— MATERIAL FOR THE TASK —

--*--

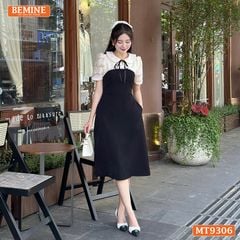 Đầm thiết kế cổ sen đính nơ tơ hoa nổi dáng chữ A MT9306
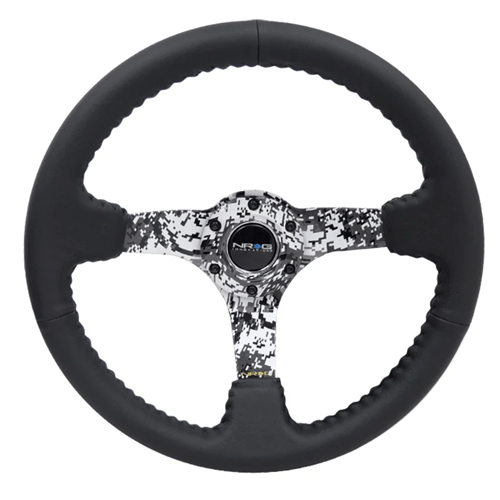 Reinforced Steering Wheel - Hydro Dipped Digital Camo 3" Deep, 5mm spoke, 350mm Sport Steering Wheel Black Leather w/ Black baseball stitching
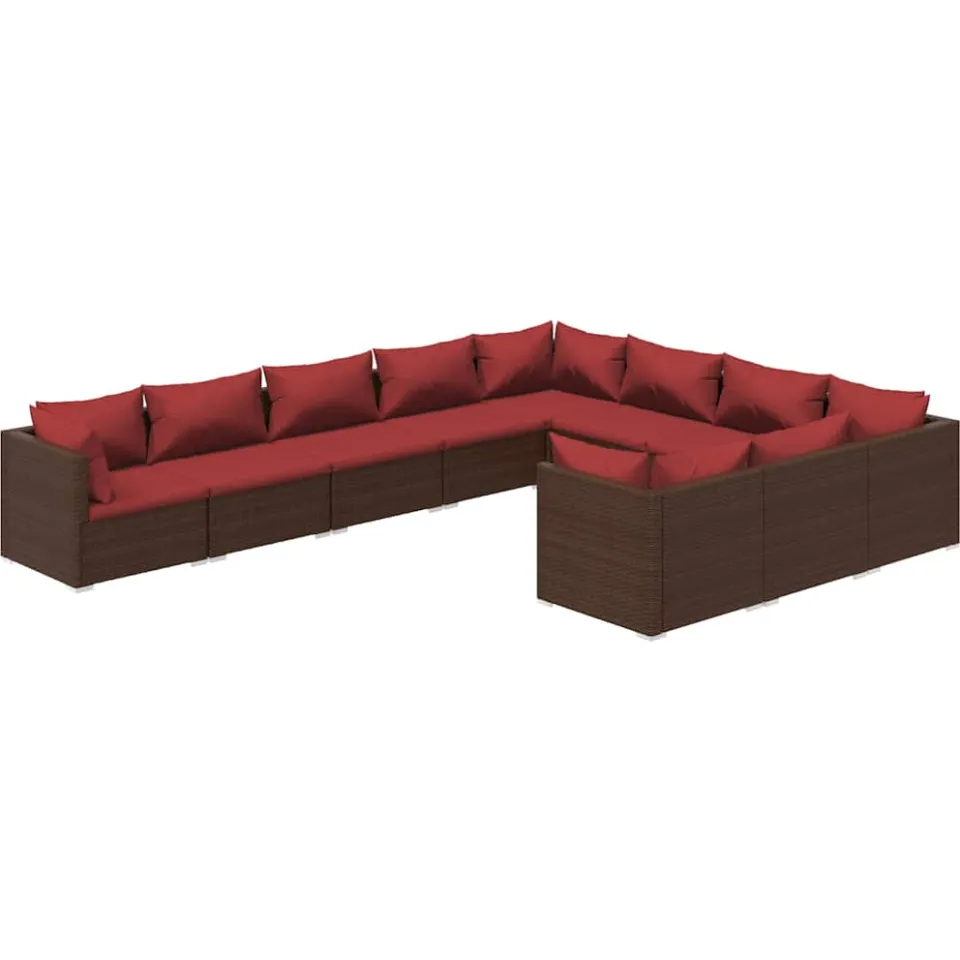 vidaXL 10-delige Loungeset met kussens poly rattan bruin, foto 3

--*--

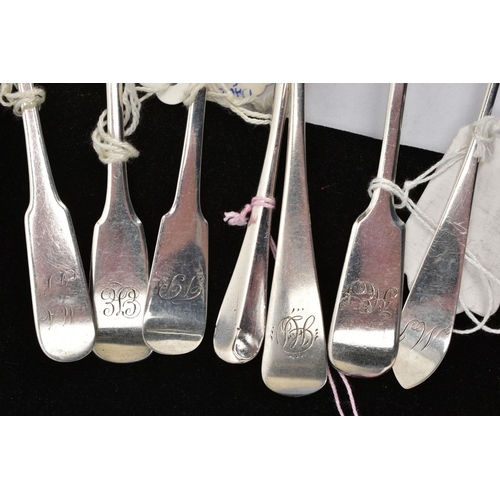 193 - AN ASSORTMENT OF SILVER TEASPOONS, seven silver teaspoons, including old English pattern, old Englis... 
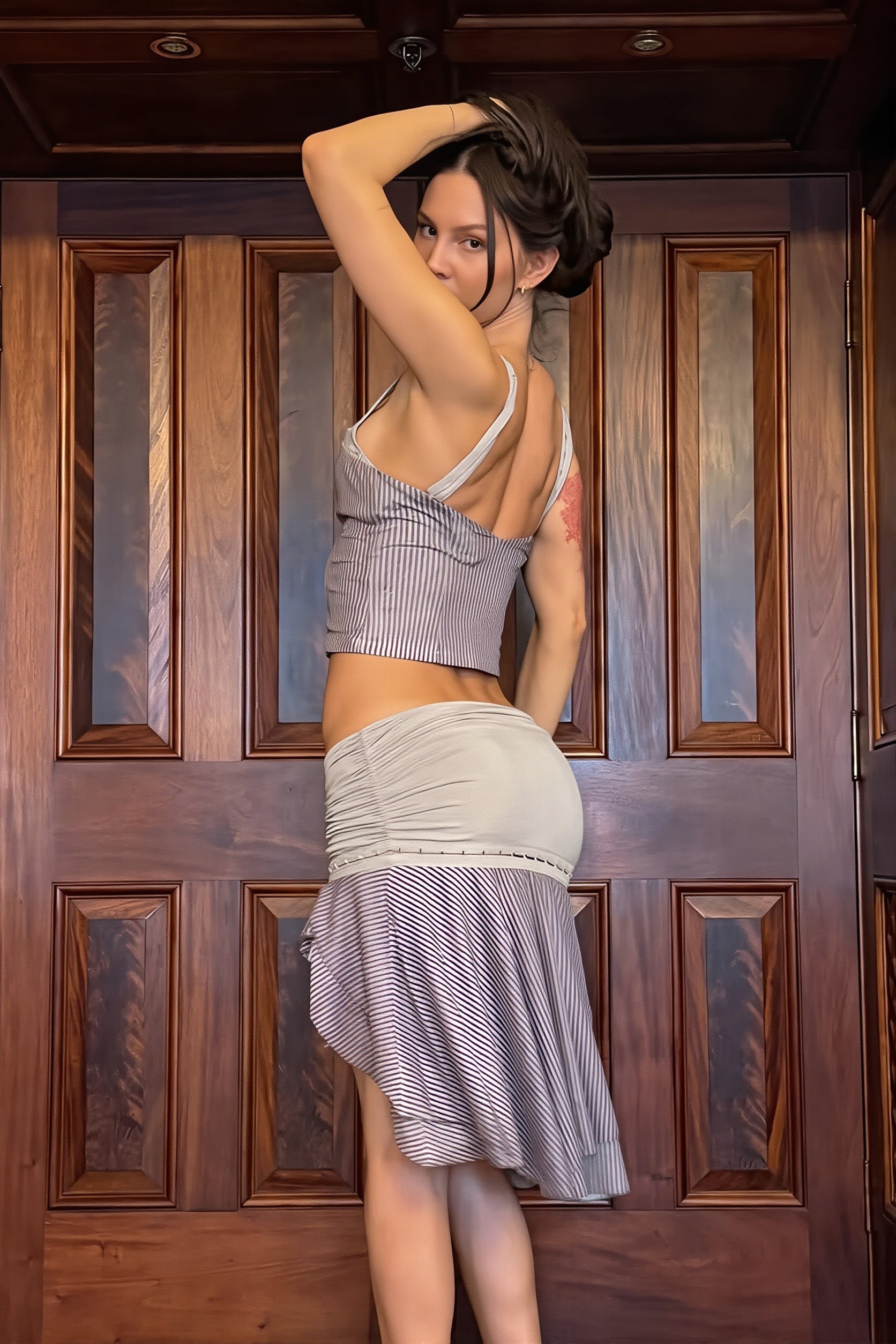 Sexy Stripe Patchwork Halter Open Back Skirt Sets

--*--

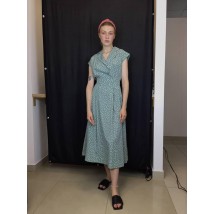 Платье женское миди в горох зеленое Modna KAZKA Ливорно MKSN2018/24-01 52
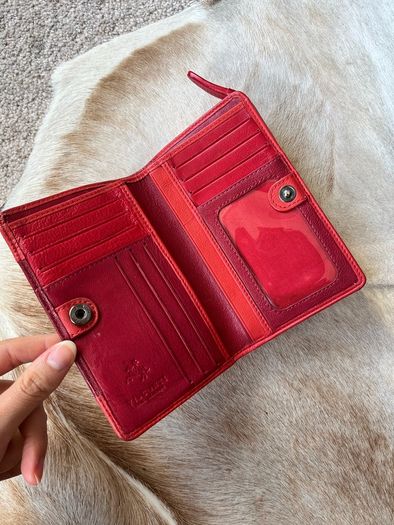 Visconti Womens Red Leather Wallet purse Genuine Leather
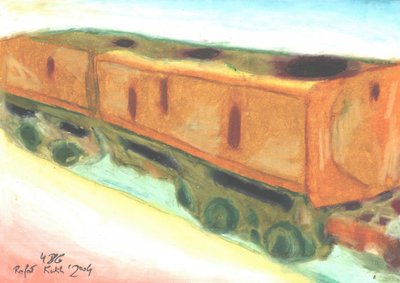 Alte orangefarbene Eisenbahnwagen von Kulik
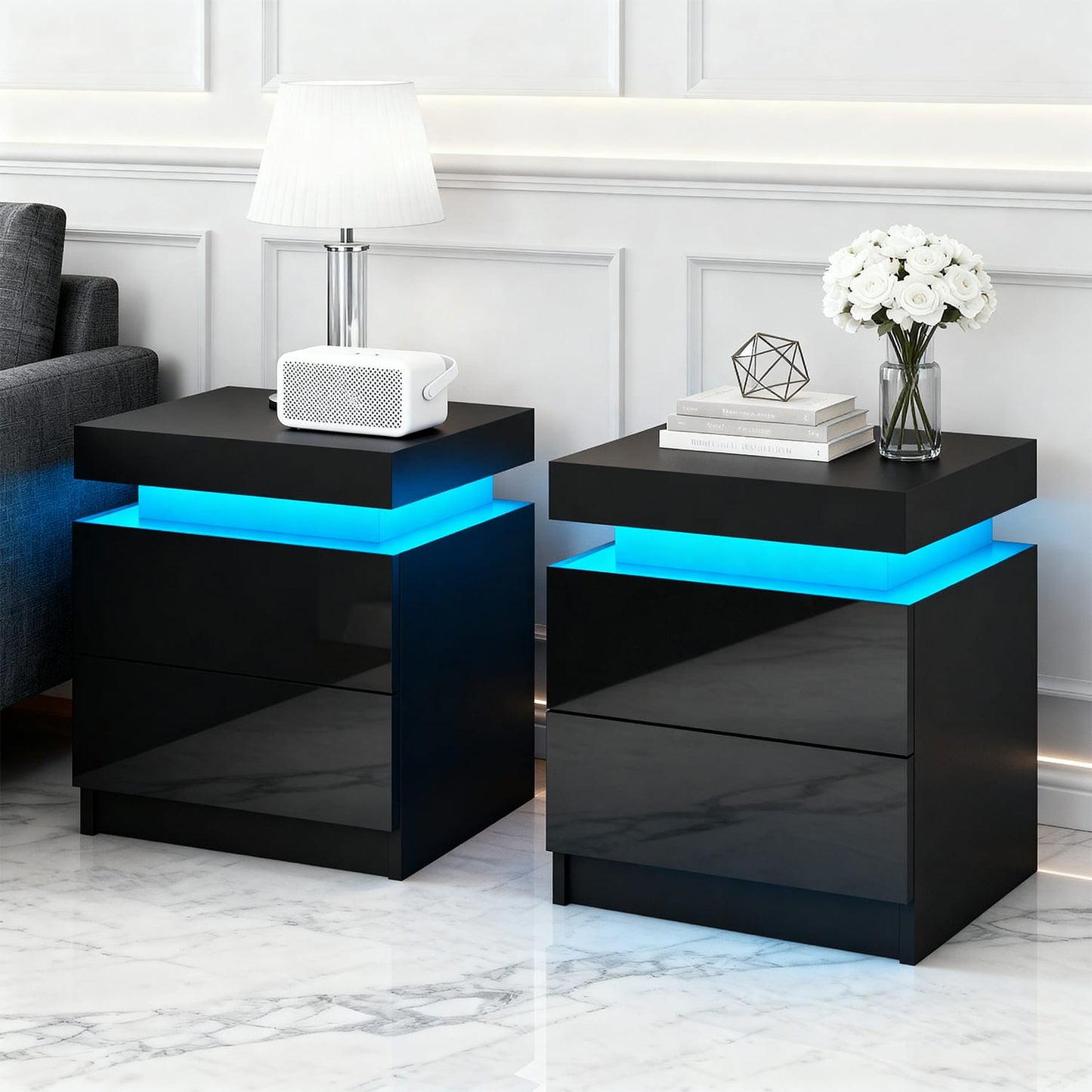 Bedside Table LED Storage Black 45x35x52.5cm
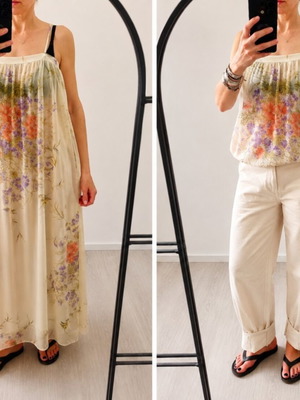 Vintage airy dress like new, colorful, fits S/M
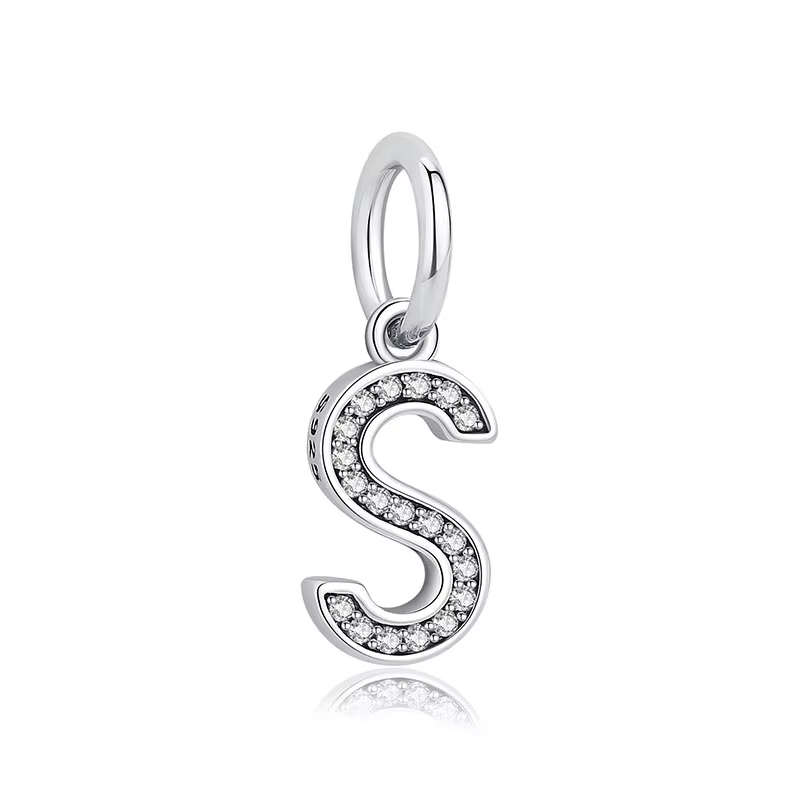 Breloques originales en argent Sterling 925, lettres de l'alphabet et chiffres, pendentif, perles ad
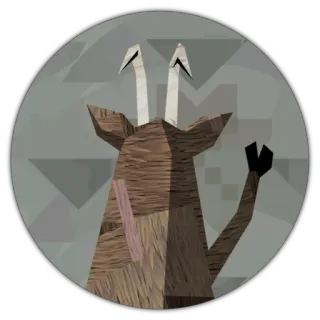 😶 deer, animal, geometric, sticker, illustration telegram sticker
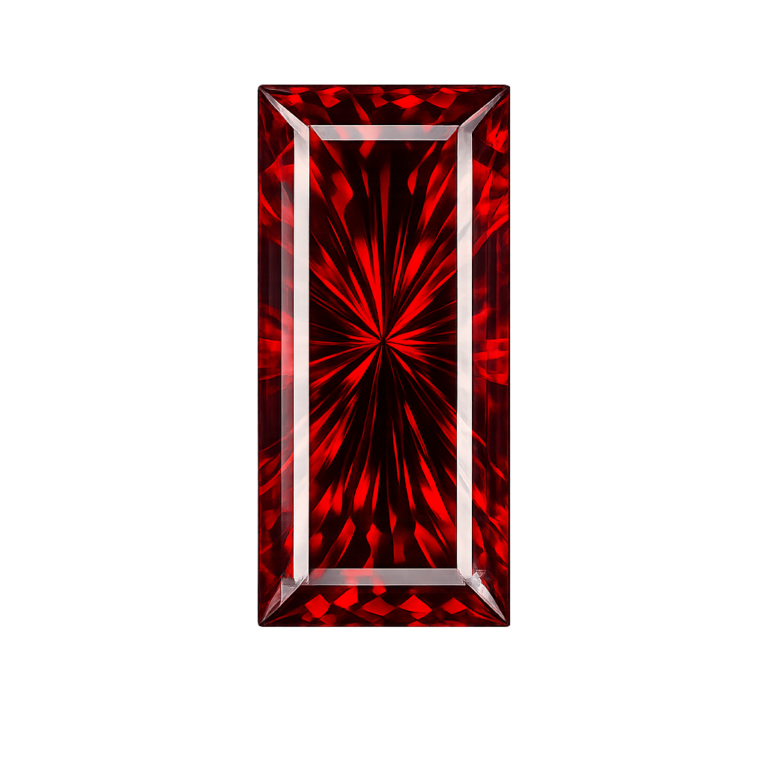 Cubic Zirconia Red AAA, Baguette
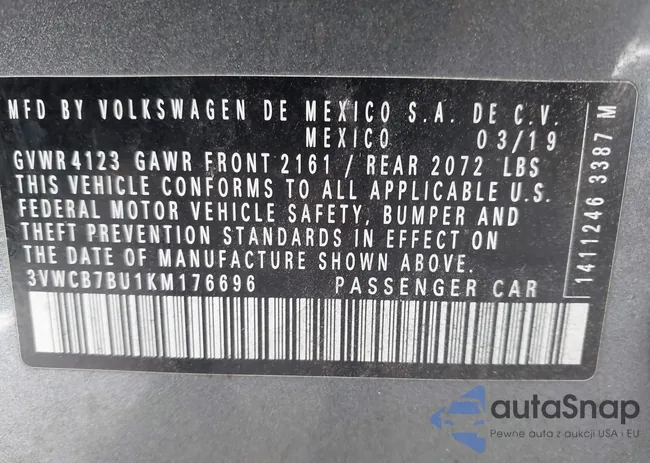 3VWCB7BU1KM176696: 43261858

--*--

— ABOUT THIS TASK —
Exact copy, pictures excluded: every line above from the one containing "Đầm thiết kế" to the one containing "vidaXL 10-delige Loungeset", inclusive, and nothing more.

— EXERCISE OUTPUT —
 Đầm thiết kế cổ sen đính nơ tơ hoa nổi dáng chữ A MT9306
 Reinforced Steering Wheel - Hydro Dipped Digital Camo 3" Deep, 5mm spoke, 350mm Sport Steering Wheel Black Leather w/ Black baseball stitching
 vidaXL 10-delige Loungeset met kussens poly rattan bruin, foto 3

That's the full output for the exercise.